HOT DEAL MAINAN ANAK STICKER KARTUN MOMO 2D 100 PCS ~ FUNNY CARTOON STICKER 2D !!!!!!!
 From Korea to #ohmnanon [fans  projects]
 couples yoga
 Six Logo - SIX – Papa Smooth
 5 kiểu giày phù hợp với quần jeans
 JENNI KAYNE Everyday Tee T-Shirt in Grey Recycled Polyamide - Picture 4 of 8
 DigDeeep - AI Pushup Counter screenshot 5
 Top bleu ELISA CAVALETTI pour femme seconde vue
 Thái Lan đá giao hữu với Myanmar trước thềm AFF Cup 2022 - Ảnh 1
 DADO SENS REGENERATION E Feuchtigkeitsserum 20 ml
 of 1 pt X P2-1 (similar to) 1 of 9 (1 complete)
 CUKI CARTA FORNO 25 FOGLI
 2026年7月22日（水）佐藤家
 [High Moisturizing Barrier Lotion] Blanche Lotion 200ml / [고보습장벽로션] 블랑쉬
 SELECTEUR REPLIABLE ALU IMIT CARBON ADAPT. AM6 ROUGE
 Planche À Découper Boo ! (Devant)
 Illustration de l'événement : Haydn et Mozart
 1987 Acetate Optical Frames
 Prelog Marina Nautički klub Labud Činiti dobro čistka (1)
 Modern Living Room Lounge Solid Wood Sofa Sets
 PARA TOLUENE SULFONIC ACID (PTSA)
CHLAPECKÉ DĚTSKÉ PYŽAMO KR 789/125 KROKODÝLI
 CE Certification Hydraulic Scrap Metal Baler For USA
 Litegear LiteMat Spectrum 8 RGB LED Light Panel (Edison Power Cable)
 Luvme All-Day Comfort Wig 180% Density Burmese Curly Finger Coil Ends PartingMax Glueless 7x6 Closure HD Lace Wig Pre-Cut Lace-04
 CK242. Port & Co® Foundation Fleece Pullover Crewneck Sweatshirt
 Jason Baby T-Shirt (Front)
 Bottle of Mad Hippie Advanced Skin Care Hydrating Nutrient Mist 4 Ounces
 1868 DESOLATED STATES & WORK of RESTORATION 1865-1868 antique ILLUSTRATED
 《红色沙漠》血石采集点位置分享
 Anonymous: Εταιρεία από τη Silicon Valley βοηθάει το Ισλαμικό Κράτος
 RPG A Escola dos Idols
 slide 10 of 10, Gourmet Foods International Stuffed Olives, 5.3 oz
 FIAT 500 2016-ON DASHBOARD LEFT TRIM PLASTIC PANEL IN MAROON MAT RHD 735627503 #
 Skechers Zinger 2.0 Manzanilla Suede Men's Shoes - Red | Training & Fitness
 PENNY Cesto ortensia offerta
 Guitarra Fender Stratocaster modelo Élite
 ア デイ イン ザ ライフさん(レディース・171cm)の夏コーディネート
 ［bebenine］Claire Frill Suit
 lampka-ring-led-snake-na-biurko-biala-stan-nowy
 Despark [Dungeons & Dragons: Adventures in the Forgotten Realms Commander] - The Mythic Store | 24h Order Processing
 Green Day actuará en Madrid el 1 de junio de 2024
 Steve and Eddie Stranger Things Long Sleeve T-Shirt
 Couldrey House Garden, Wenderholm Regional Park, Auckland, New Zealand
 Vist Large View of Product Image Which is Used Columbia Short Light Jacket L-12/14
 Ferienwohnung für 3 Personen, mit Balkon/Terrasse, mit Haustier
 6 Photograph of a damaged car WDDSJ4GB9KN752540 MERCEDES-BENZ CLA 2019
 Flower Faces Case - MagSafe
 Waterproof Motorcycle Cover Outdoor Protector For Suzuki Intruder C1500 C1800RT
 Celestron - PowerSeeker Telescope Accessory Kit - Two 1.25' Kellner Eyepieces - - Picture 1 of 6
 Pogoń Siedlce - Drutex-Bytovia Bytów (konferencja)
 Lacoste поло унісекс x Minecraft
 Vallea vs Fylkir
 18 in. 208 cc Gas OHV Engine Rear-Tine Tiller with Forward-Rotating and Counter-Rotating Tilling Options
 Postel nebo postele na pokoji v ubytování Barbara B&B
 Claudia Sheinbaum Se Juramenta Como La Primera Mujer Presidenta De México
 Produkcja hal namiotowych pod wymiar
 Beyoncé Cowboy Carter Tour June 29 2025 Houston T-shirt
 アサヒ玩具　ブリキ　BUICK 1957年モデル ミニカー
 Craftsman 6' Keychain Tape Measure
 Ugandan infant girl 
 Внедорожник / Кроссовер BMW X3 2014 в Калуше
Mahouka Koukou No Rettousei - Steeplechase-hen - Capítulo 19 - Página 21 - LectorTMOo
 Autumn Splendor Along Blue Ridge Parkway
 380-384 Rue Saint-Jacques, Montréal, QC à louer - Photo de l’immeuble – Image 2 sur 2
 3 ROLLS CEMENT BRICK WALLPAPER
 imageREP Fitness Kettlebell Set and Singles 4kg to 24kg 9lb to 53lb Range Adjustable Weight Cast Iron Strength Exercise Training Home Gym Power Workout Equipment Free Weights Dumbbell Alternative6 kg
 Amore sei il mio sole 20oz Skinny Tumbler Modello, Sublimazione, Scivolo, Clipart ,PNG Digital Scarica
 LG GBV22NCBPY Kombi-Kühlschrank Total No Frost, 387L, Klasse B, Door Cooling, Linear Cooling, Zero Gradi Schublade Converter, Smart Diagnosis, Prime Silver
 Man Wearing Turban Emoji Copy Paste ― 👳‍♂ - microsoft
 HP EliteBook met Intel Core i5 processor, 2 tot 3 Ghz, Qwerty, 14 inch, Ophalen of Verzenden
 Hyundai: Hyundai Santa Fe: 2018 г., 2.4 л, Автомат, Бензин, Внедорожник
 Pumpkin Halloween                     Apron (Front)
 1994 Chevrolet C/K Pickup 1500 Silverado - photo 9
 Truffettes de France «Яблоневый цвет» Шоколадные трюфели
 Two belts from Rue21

┄┄┄┄┄┄┄┄┄┄

▶ **WORK ORDER**:
In the entries above, the lines between the one holding "Guitarra Fender Stratocaster modelo Élite" and the one holding "Beyoncé Cowboy Carter", inclusive, are to be printed exactly as written, and those alone.

▶ **ANSWER SECTION**:
 Guitarra Fender Stratocaster modelo Élite
 ア デイ イン ザ ライフさん(レディース・171cm)の夏コーディネート
 ［bebenine］Claire Frill Suit
 lampka-ring-led-snake-na-biurko-biala-stan-nowy
 Despark [Dungeons & Dragons: Adventures in the Forgotten Realms Commander] - The Mythic Store | 24h Order Processing
 Green Day actuará en Madrid el 1 de junio de 2024
 Steve and Eddie Stranger Things Long Sleeve T-Shirt
 Couldrey House Garden, Wenderholm Regional Park, Auckland, New Zealand
 Vist Large View of Product Image Which is Used Columbia Short Light Jacket L-12/14
 Ferienwohnung für 3 Personen, mit Balkon/Terrasse, mit Haustier
 6 Photograph of a damaged car WDDSJ4GB9KN752540 MERCEDES-BENZ CLA 2019
 Flower Faces Case - MagSafe
 Waterproof Motorcycle Cover Outdoor Protector For Suzuki Intruder C1500 C1800RT
 Celestron - PowerSeeker Telescope Accessory Kit - Two 1.25' Kellner Eyepieces - - Picture 1 of 6
 Pogoń Siedlce - Drutex-Bytovia Bytów (konferencja)
 Lacoste поло унісекс x Minecraft
 Vallea vs Fylkir
 18 in. 208 cc Gas OHV Engine Rear-Tine Tiller with Forward-Rotating and Counter-Rotating Tilling Options
 Postel nebo postele na pokoji v ubytování Barbara B&B
 Claudia Sheinbaum Se Juramenta Como La Primera Mujer Presidenta De México
 Produkcja hal namiotowych pod wymiar
 Beyoncé Cowboy Carter Tour June 29 2025 Houston T-shirt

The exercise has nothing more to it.